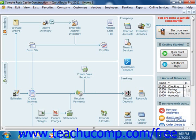Another report that can be useful when dealing with sales taxes is the sales tax revenue summary report, which shows where your sales tax revenue is coming from. It will show you the sources of all taxable and non-taxable transactions broken down by individual sales tax codes.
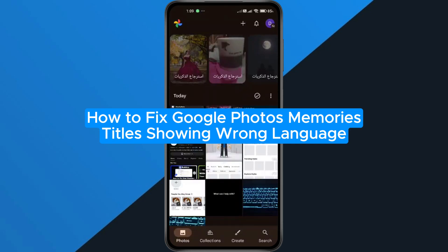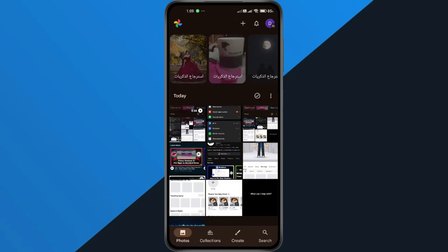How to fix Google Photos Memories titles showing the wrong language. Hey everyone, in this quick tutorial, I'm going to show you exactly how to fix the Google Photos Memories tab showing captions in a strange language, even when your device language is set correctly. So if that's happening to you, follow along step by step and I'll help you fix it.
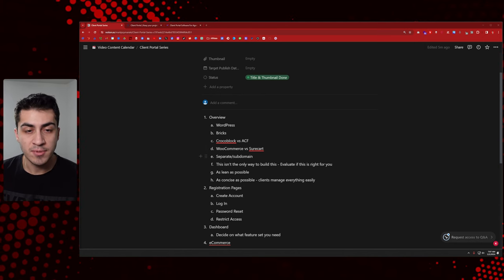Registration pages are relatively straightforward overall. Then there's the dashboard — you get to decide on what feature set you need. Most login products drop you into some sort of dashboard where you can see different things you can do. That'll be the place where kind of everything lives, and we'll talk about that as we go.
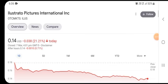Hello everybody and friends, welcome back to our YouTube channel. Today's video is going to focus on Illustrator Picture International Stock, or ILUS stock. It was trading at $0.14 US dollar with a decline of 21.21 percent in the previous closing session. In this video we are talking about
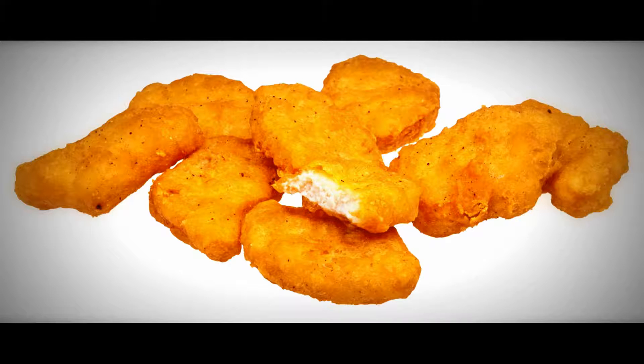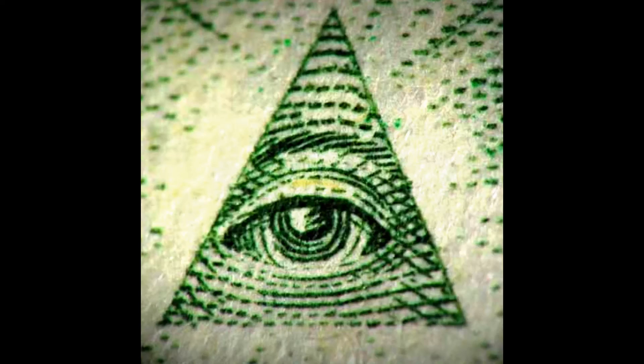See, I have some proof that chicken nuggets are Illuminati. Don't believe me? Watch this video then.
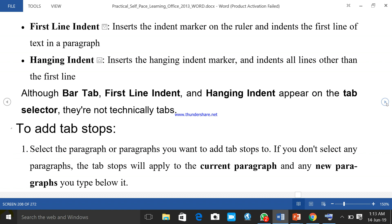Let's go into more detail. First line indent: this inserts the indent marker on the ruler and indents the first line of text in the paragraph. Hanging indent: remember, only the first line will not be indented while the other portions will be indented — that is hanging indent. Although first line indent and hanging indent appear on the tab selector, they are not technically tabs. To add a tab stop, select the paragraph you want to add the tab stop to. If you don't select a paragraph, the tab stop will apply to the current paragraph and any new paragraph you type below it.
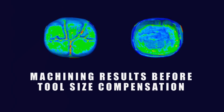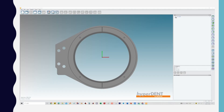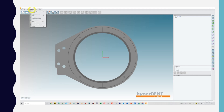Notice that the crown is machined undersized before compensating for the tool size. You can check that number and enter it into the software that calculates the toolpath to make corrections.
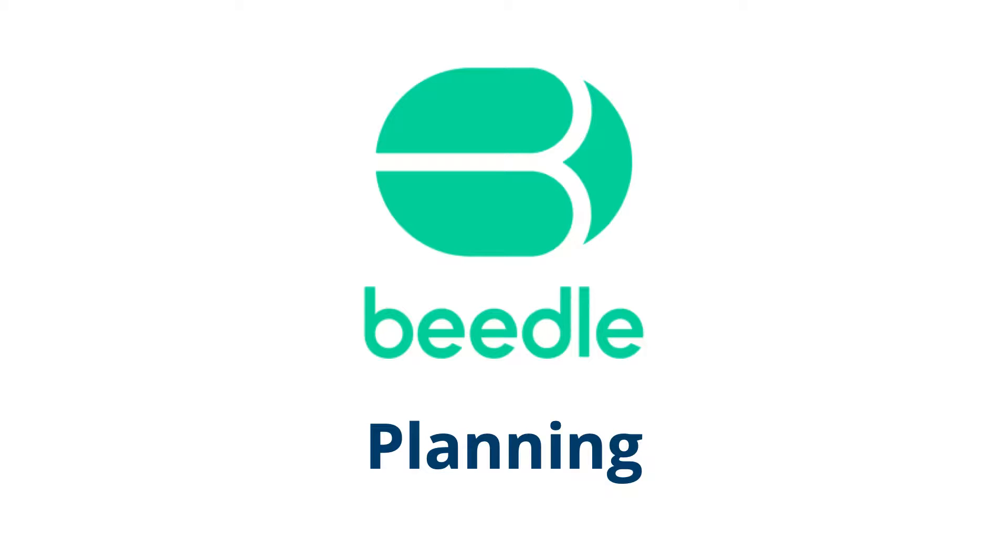In this video, we will learn how to create, organize and share lesson plans using Beedle Planning in Microsoft Teams.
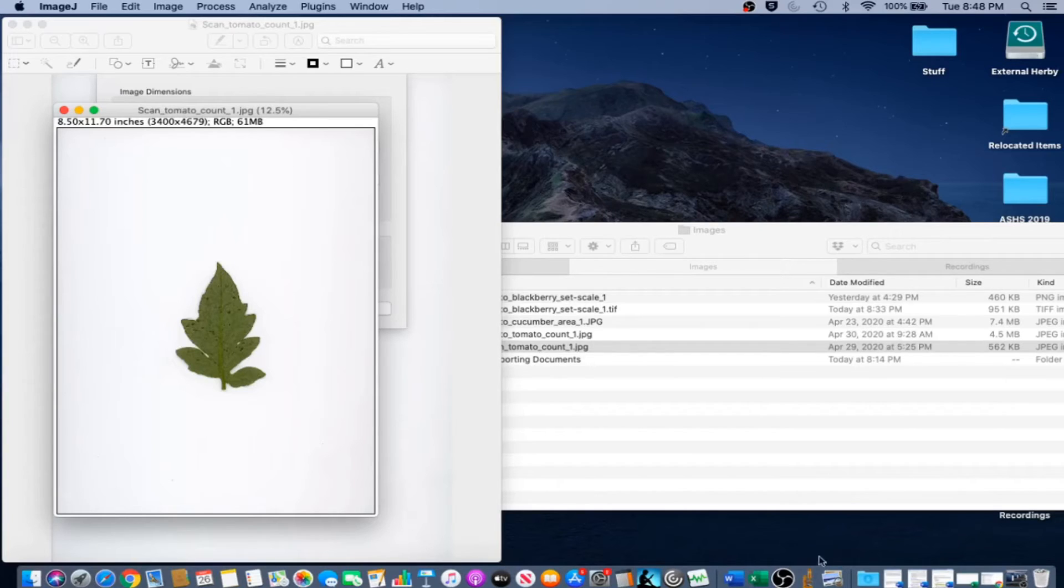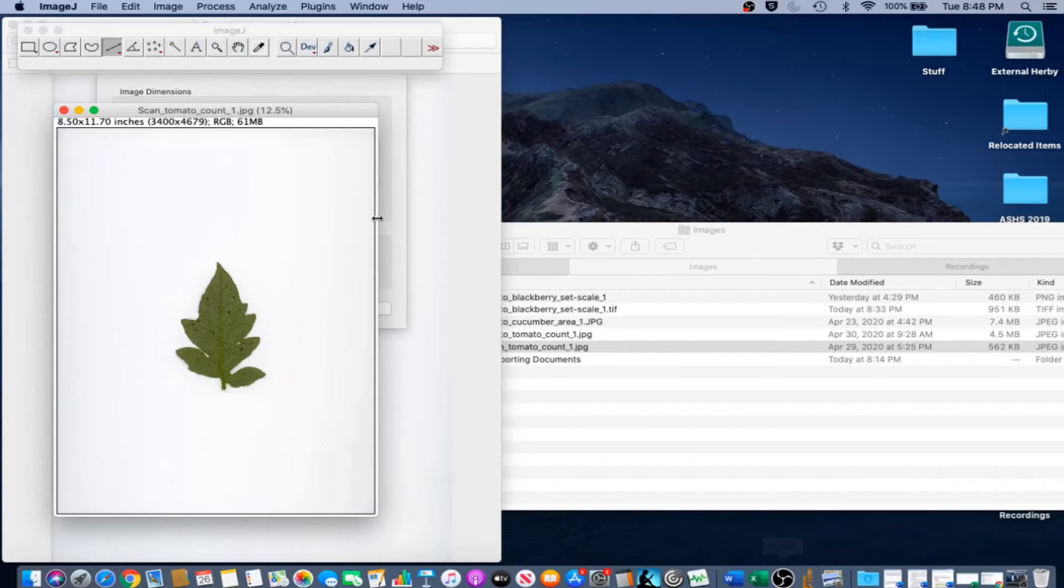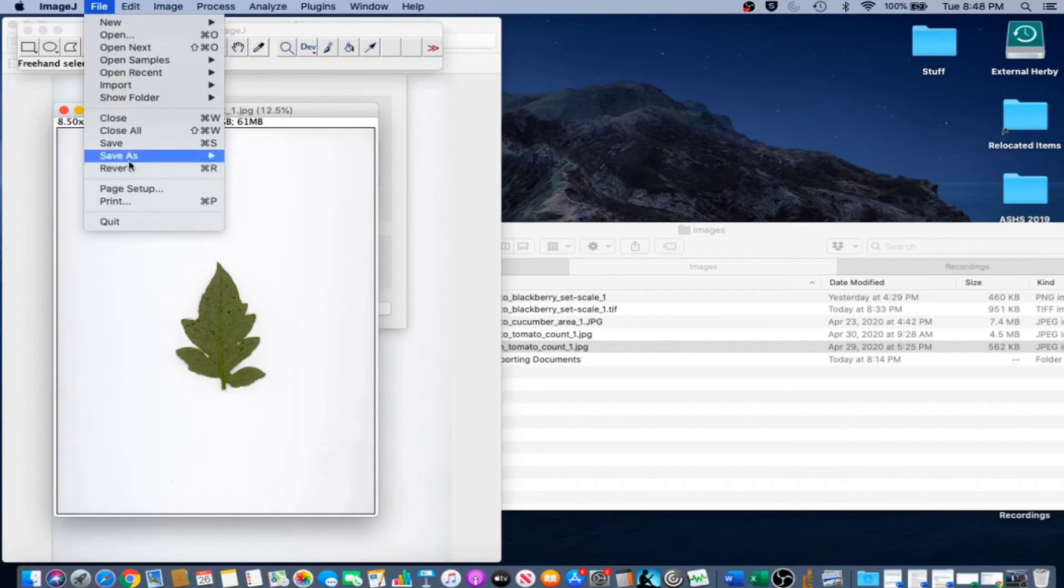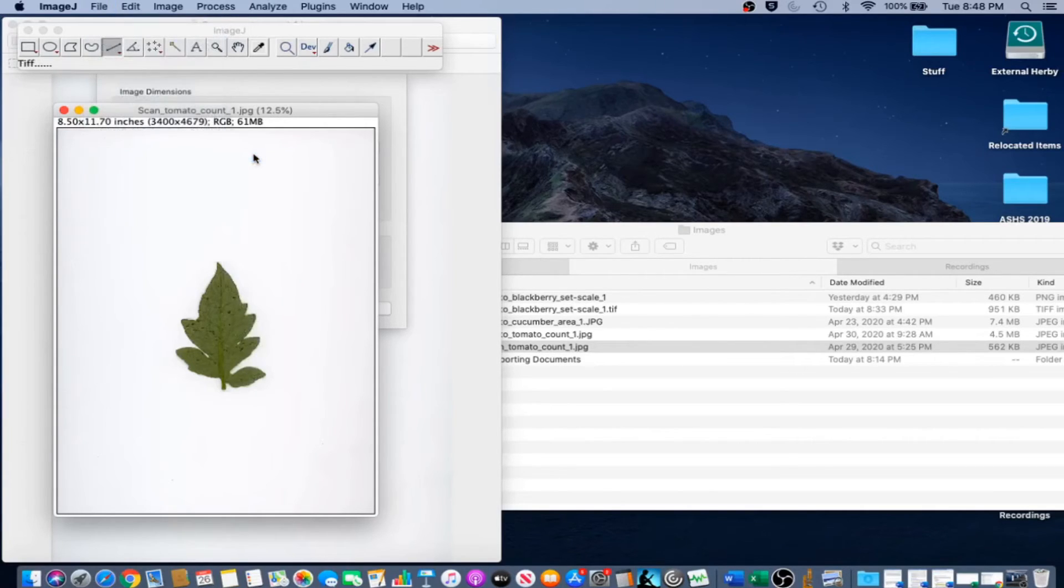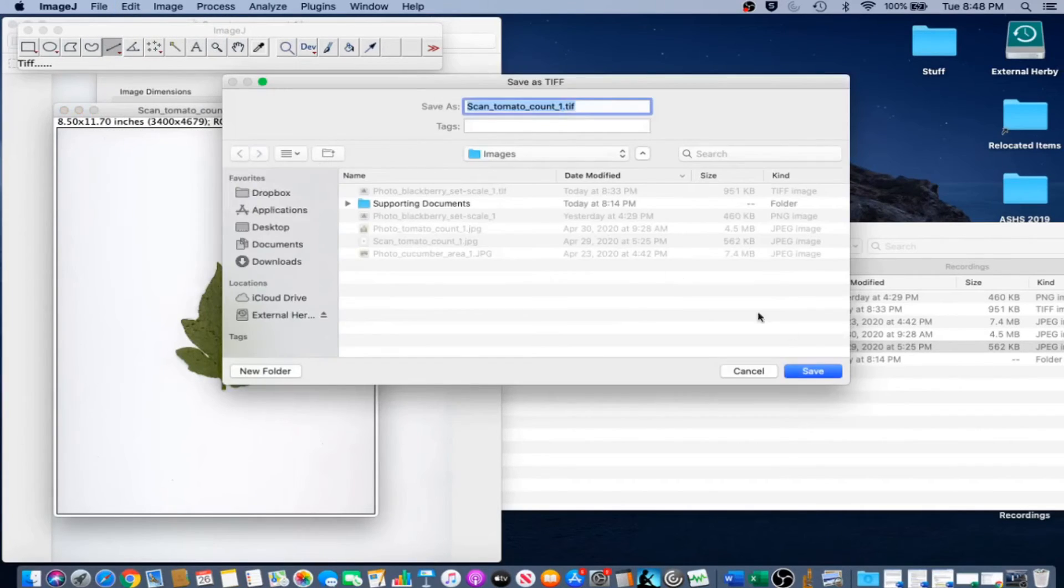And now our image is scaled, and we are going to save a copy of that scaled image. So we're going to go File, Save As, TIFF. Go ahead and save.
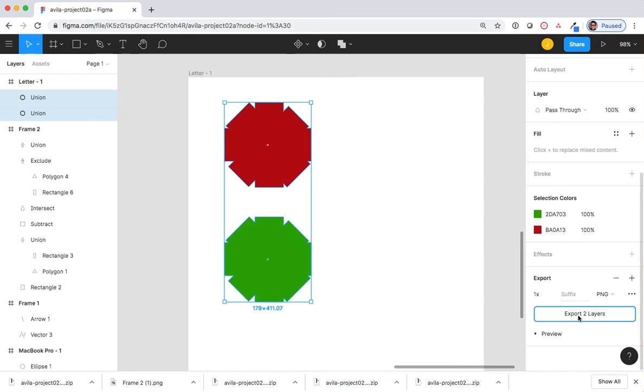Make sure that your zip file is titled lastname-project02A05 before you submit to Sakai.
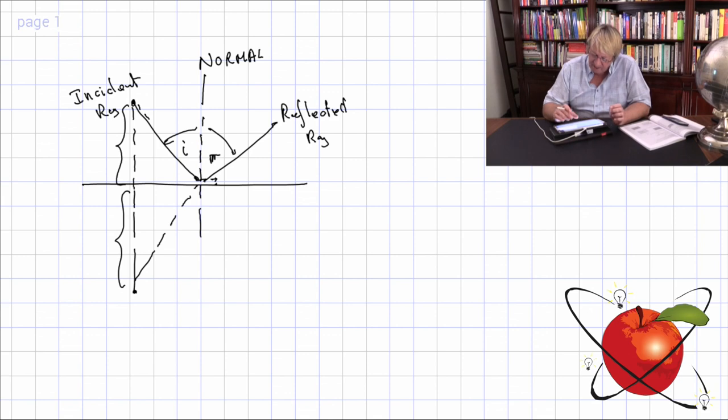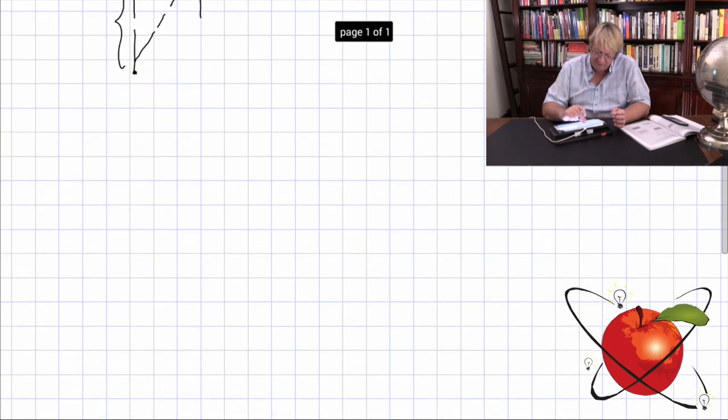Now we're going to look at a different concept: refraction. Light waves coming from the sun enter the Earth's atmosphere and certain things happen. You've likely seen a glass prism where white light comes in and gets split into different colours — we see the spectrum of visible light. A rainbow works the same way; light passes through something and gets split.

______

No pictures belong in the copy. Transcribe every entry exactly.

Another report that can be useful when dealing with sales taxes is the sales tax revenue summary report, which shows where your sales tax revenue is coming from. It will show you the sources of all taxable and non-taxable transactions broken down by individual sales tax codes.
How to fix Google Photos Memories titles showing the wrong language. Hey everyone, in this quick tutorial, I'm going to show you exactly how to fix the Google Photos Memories tab showing captions in a strange language, even when your device language is set correctly. So if that's happening to you, follow along step by step and I'll help you fix it.
Registration pages are relatively straightforward overall. Then there's the dashboard — you get to decide on what feature set you need. Most login products drop you into some sort of dashboard where you can see different things you can do. That'll be the place where kind of everything lives, and we'll talk about that as we go.
Hello everybody and friends, welcome back to our YouTube channel. Today's video is going to focus on Illustrator Picture International Stock, or ILUS stock. It was trading at $0.14 US dollar with a decline of 21.21 percent in the previous closing session. In this video we are talking about
See, I have some proof that chicken nuggets are Illuminati. Don't believe me? Watch this video then.
Let's go into more detail. First line indent: this inserts the indent marker on the ruler and indents the first line of text in the paragraph. Hanging indent: remember, only the first line will not be indented while the other portions will be indented — that is hanging indent. Although first line indent and hanging indent appear on the tab selector, they are not technically tabs. To add a tab stop, select the paragraph you want to add the tab stop to. If you don't select a paragraph, the tab stop will apply to the current paragraph and any new paragraph you type below it.
Notice that the crown is machined undersized before compensating for the tool size. You can check that number and enter it into the software that calculates the toolpath to make corrections.
In this video, we will learn how to create, organize and share lesson plans using Beedle Planning in Microsoft Teams.
And now our image is scaled, and we are going to save a copy of that scaled image. So we're going to go File, Save As, TIFF. Go ahead and save.
Make sure that your zip file is titled lastname-project02A05 before you submit to Sakai.
Now we're going to look at a different concept: refraction. Light waves coming from the sun enter the Earth's atmosphere and certain things happen. You've likely seen a glass prism where white light comes in and gets split into different colours — we see the spectrum of visible light. A rainbow works the same way; light passes through something and gets split.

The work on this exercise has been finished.